Bank of England: “Lenders and banks should prepare for negative interest rates in next 6 months.” What could this mean for investors and buyers?
- Rising asset prices in the UK
- Increased purchasing power from the market
- Currency devaluation, in turn to boost exports & imports
- Property price boost in major cities such as London & Birmingham
The Bank of England’s Monetary Policy Committee voted unanimously to maintain the base bank rate at 0.1%. In March 2020, interest rates were first moved down to this level, which is the lowest ever recorded rate, in an emergency response to the coronavirus pandemic.
The Bank of England has also told lenders and banks to prepare for negative interest rates in the next six months. This has been previously discussed. However, the Bank of England has never asked lenders to take steps to prepare for this until now.
Silvana Tenreyro, one of the nine members of Threadneedle Street’s monetary policy committee, said negative rates had worked in other countries and would assist the UK’s recovery from its Covid-19 slump.

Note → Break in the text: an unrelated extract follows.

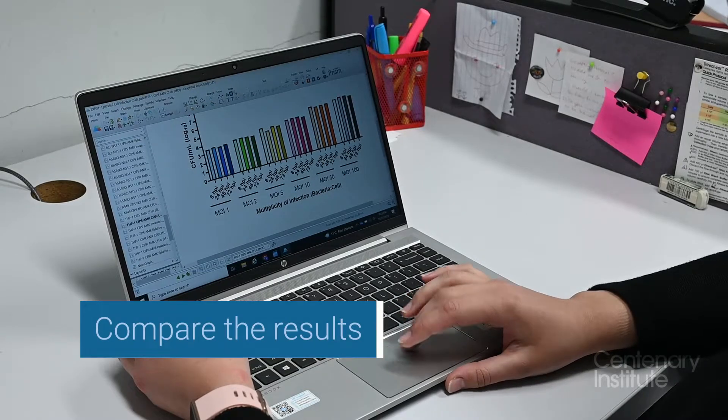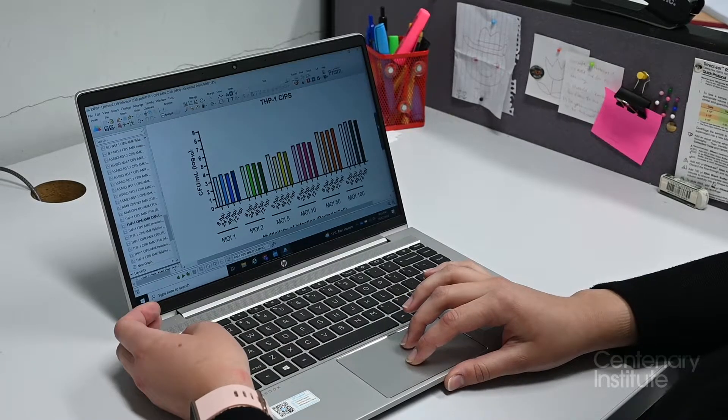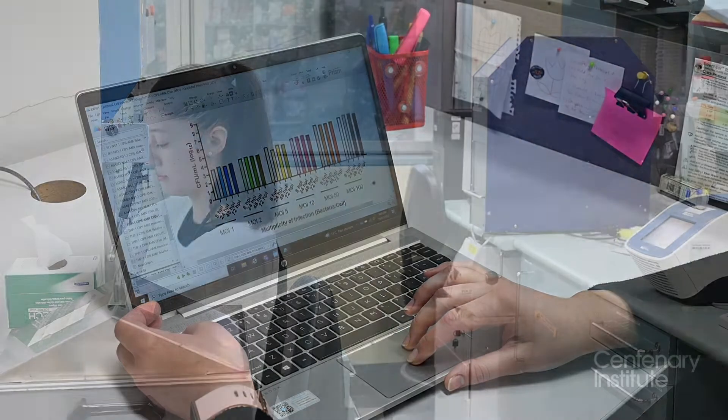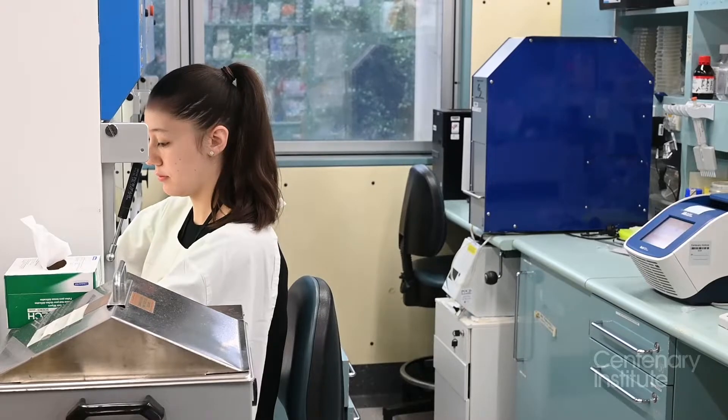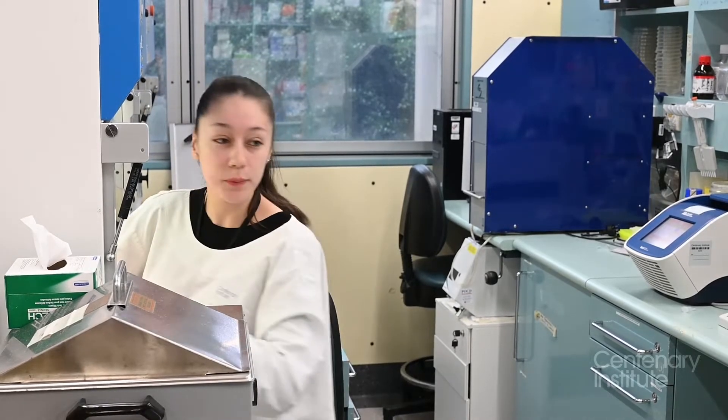Finally we compare our results against our other experiments. And that is our bacteria experiment.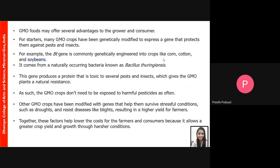This is important not only from an economic point of view, but also because pests often remain inside produce and enter our body via biomagnification, causing severe diseases that are harmful to mankind in the long run. To avoid the excessive use of pesticides and insecticides, GMO crops offer excellent solutions. Other GMO crops have been modified with genes that help them survive stressful conditions such as droughts and resist diseases such as blights, resulting in higher yields for farmers and lower costs.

At the end of 2020, mortgage approvals were at a 13-year high as homebuyers and investors looked to lock in stamp duty savings and low interest rates. If the base interest rate drops into negative territory, new mortgages could become cheaper. Although, buyers with larger deposits are already able to secure low interest rates.
The move to negative interest rates may result in the value of the pound sterling falling against other currencies and this will subsequently make the UK property market more attractive for overseas investors (perhaps off-setting in real terms recent UK tax changes, including non-resident SDLT).
Below zero rates would see a depreciation in the exchange rate, this would boost the UK’s manufacturing sector as a weaker pound should make exports cheaper.